Depending on the heat carrier used, there are several defrosting methods.

Thawing direct burning of fuel . If in winter time it is necessary to dig 1 ... 2 pits, the simplest solution is to get along with a simple fire. Keeping the fire going during the shift will thaw the soil beneath it by 30 ... 40 cm. After extinguishing the fire and well warming the heating place with sawdust, thawing of the soil inside will continue due to the accumulated energy and during the shift can reach a total depth of 1 m. you can again burn a fire or develop a thawed ground and make a fire at the bottom of the pit. The method is used extremely rarely, since only a small part of the heat energy is spent productively.

The firing method is applicable to extracting small trenches, a link construction (Fig. 3.1) from a series of truncated metal boxes is used, from which a gallery of the required length is easily assembled, in the first of them a solid or liquid fuel combustion chamber is arranged (firewood, wood and gas). fuel burned through a nozzle). Thermal energy moves to the exhaust duct of the last duct, which creates the necessary traction, thanks to which hot gases pass along the entire gallery and the soil under the ducts is heated along its entire length. It is advisable to warm the top of the box, often using thawed primer. After the change, the unit is removed, the strip of thawed soil is filled with sawdust, further thawing continues due to the heat accumulated in the ground.

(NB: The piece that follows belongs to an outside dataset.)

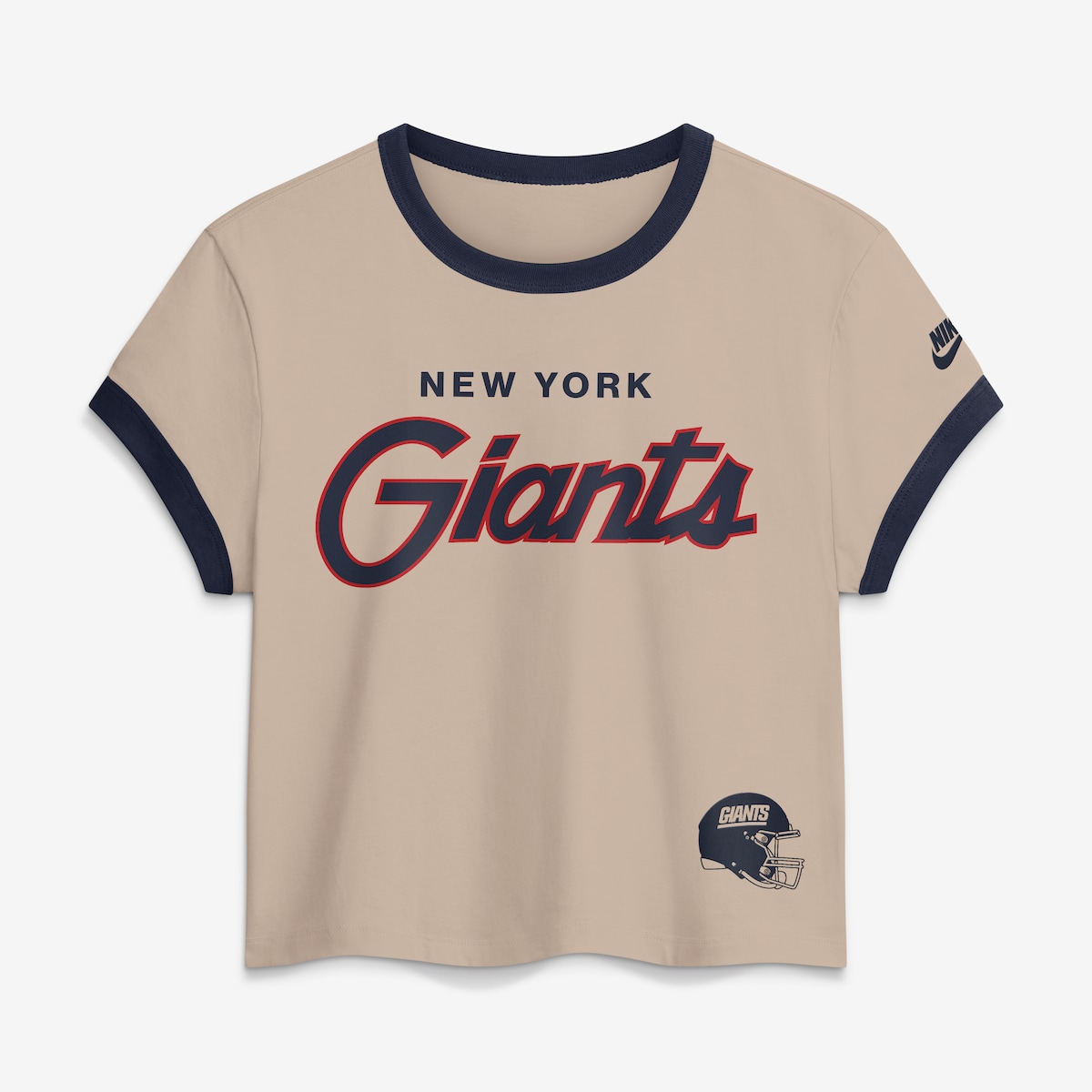 【公式グッズ】NFL ジャイアンツ Tシャツ Nike/ナイキ レディース クリーム (26 NFL Womens Nike Rewind Ringer Mod Crop SST)|Fanatics公式ストア 店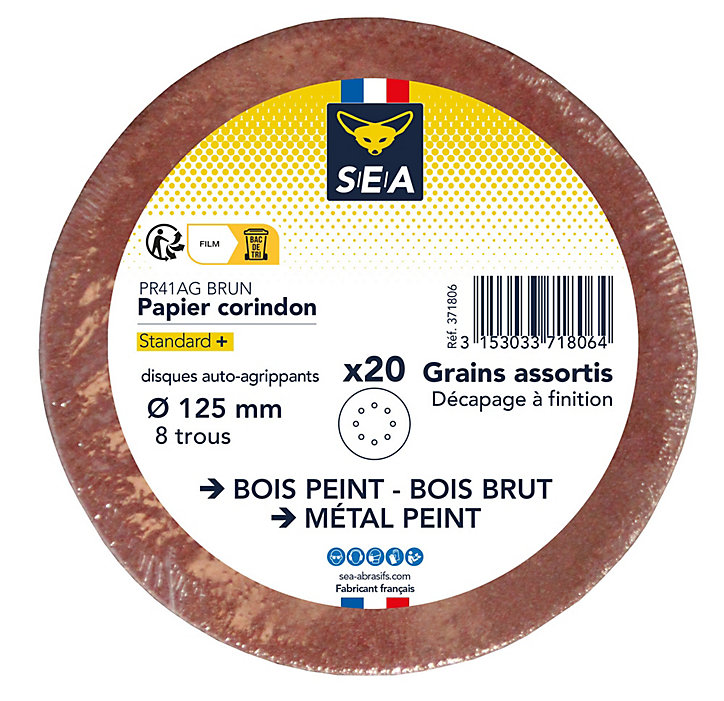 Papier abrasif corindon ø125 mm grain 40/80/120, lot de 20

Electric heating . The essence of this method consists in passing an electric current through the soil, as a result of which it acquires a positive temperature. Use horizontal and vertical electrodes in the form of rods or strip steel. For the initial movement of electric current between the rods, it is necessary to create a conductive medium. Such an environment can be thawed soil, if the electrodes

kind to another. Under the influence of heat, the underlying layers of soil thaw. In the subsequent distribution of thermal energy is carried out mainly in

thicker than the ground, sawdust only protects the heated area from the loss of heat into the atmosphere, for which purpose it is advisable to cover the layer of sawdust with rolled materials or shields. This method is quite effective when the depth of soil freezing or thawing is up to 0.7 m. Electricity consumption for heating 1 m3 of soil varies between 150 ... 300 kWh, the temperature of heated sawdust does not exceed 80 ... 90 ° С.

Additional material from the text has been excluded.